If you are a dedicated Mutter fan, or if you like this violin concerto to sound gloriously romantic, this review will not be of interest: there are plenty of affirmative positive reviews here for you.

I would hope that anyone who looks beyond Mutter's image and seeks the icy intensity and fiery bleakness of Sibelius would find my comments at least reasonable from that point of view.

I would stick to the positives first: This is a personal reading, and demonstrates Mutter's exceptional virtuosity. She intends to show from the start how bleak this wonderful masterpiece can sound,the violin entry sounding quieter, paler and more desolate than any other version on disc. She certainly brings out intensity at times, with dynamic changes almost overdoing the effect in places. The orchestral sound is good.

It is a worthwhile coupling with Sibelius' other well known violin pieces of lesser depth, played very nicely, if a little blandly - the humoresque sadly not quite pointed and witty enough to really make any statement. It is a great pity she didn't record all the humoresques for this disc, which is therefore a bit light on content.

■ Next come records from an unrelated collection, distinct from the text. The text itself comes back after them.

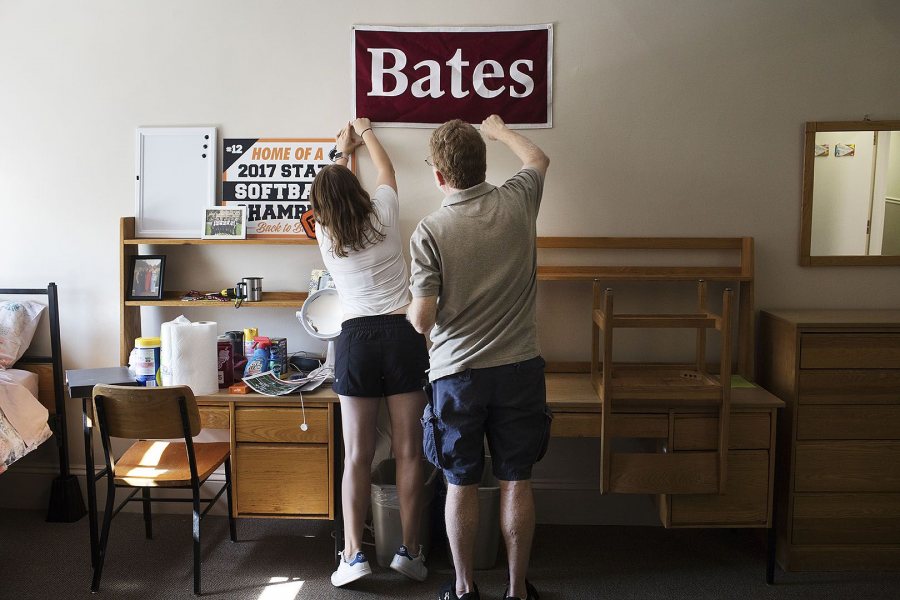 Bates Residence Room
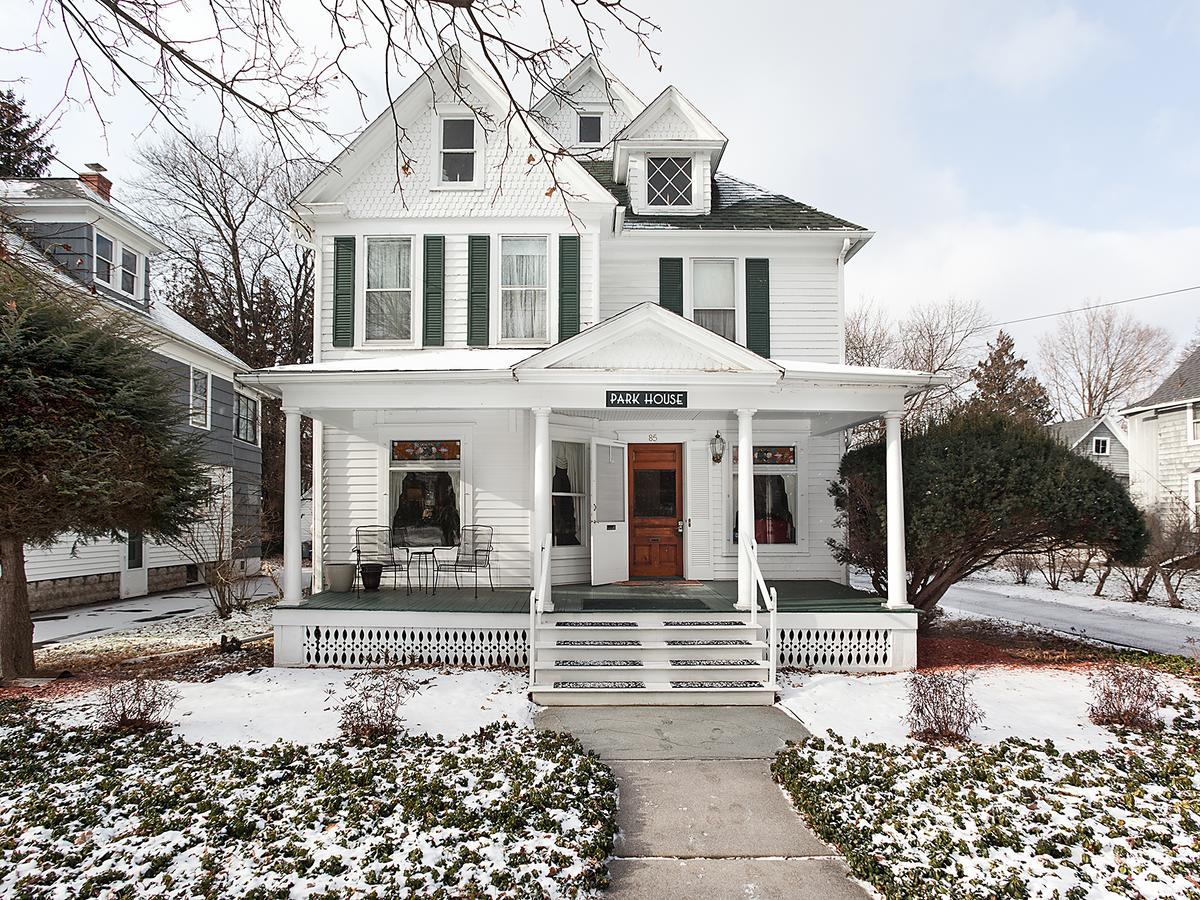 Park House Bed & Breakfast Johnson City Экстерьер фото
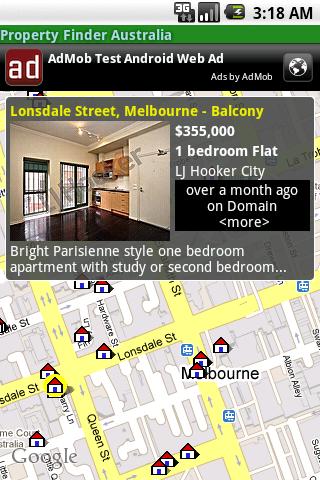 Property Finder Australia Android Tools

I haven't really found this a musically satisfying performance though. I have no wish to string a load of invective and exaggeration which one of the reviewers has found necessary. But I really cannot find a feeling that the soloist has put this together as a complete whole - it has a feeling of being sections joined together. Also, I think that she overeggs the initial bleakness to the point that it is a caricature: the violin opening bears the composer's instruction "dolce ed espressivo" - Mutter's opening is far from dolce, and carries an unconventional idea of expressiveness - no vibrato at the beginning, but a great deal of wide vibrato thereafter in the piece. With her exaggerated pp - p entry (instead of mezzoforte) there seems to be recurring exaggerated dynamic and intensity changes in the first movment. Also, Mutter's episodic slowing and altering pace with apparently meaningless rubato is very irksome to anyone who reads the Sibelius as having bleak but persistent rhythms. All through the performance one is conscious of Mutter pushing and pulling the music in non-Sibelian idiom.

Sometimes less is more.

Unfortunately, the second movement fails to move me. It seems to lack that lonely cold intense passion that brings tears to one's eyes. It seems over-egged warm and treacly in Mutter's wonderful sound. The final movement is a rhythmic shambles, just listen to any fine version eg Mullova, Kyung-Wha Chung, Heifetz, Oistrakh, Kraggerud and even Tasmin Little's understated version, and one can see how the music really fits together in the last movement and as a whole. I really find the musical rapport between Previn and Mutter to be disappointing, when one compares it with Previn's greater examples of musical empathy with other soloists in the past (and I really don't mean the Morecambe and Wise Christmas Show!). Just wondering perhaps whether their personal rapport has affected the balance of the musical rapport, so that Previn is too accepting of an accompanying role in this work?? Who could say??

It remains a moot point whether personal eccentric readings are artistic or simply ill-conceived.
It is not for me to accuse. Mutter is a truly fine virtuoso violinist, but this performance of one of the truly great original and iconic violin concerti of all time is unfortunately too eccentric for my own taste.
I have many versions of this work on CD, but this one I don't think I'll be listening to again.